[DATA TO EXAMINE]
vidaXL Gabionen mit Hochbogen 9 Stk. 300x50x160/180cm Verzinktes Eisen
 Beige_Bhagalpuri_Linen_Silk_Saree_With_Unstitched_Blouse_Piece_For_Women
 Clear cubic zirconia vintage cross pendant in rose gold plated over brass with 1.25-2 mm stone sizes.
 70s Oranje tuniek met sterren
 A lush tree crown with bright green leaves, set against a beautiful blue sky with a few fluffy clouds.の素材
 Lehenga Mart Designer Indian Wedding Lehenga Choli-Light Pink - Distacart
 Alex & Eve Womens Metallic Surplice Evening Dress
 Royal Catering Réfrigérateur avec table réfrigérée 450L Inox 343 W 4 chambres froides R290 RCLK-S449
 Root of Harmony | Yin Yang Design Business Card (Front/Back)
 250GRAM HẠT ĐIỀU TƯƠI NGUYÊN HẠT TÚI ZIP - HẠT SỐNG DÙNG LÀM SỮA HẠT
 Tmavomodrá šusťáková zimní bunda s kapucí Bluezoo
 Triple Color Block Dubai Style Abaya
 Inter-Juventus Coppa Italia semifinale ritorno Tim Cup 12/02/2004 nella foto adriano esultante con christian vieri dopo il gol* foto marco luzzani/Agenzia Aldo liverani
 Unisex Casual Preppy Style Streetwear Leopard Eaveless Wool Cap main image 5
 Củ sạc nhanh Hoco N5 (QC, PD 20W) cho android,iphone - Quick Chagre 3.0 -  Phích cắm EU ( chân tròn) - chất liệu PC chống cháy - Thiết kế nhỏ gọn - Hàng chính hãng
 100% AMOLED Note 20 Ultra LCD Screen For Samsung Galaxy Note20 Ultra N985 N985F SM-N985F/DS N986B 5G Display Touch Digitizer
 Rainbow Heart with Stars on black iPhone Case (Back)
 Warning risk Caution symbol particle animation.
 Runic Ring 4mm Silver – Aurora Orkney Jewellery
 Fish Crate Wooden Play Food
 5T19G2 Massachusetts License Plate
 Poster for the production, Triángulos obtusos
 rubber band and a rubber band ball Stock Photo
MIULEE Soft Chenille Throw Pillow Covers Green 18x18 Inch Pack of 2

[GOAL OF THE EXERCISE] Pull every line that holds the string "Style" out of the records.

[YOUR SOLUTION]
 Triple Color Block Dubai Style Abaya
 Unisex Casual Preppy Style Streetwear Leopard Eaveless Wool Cap main image 5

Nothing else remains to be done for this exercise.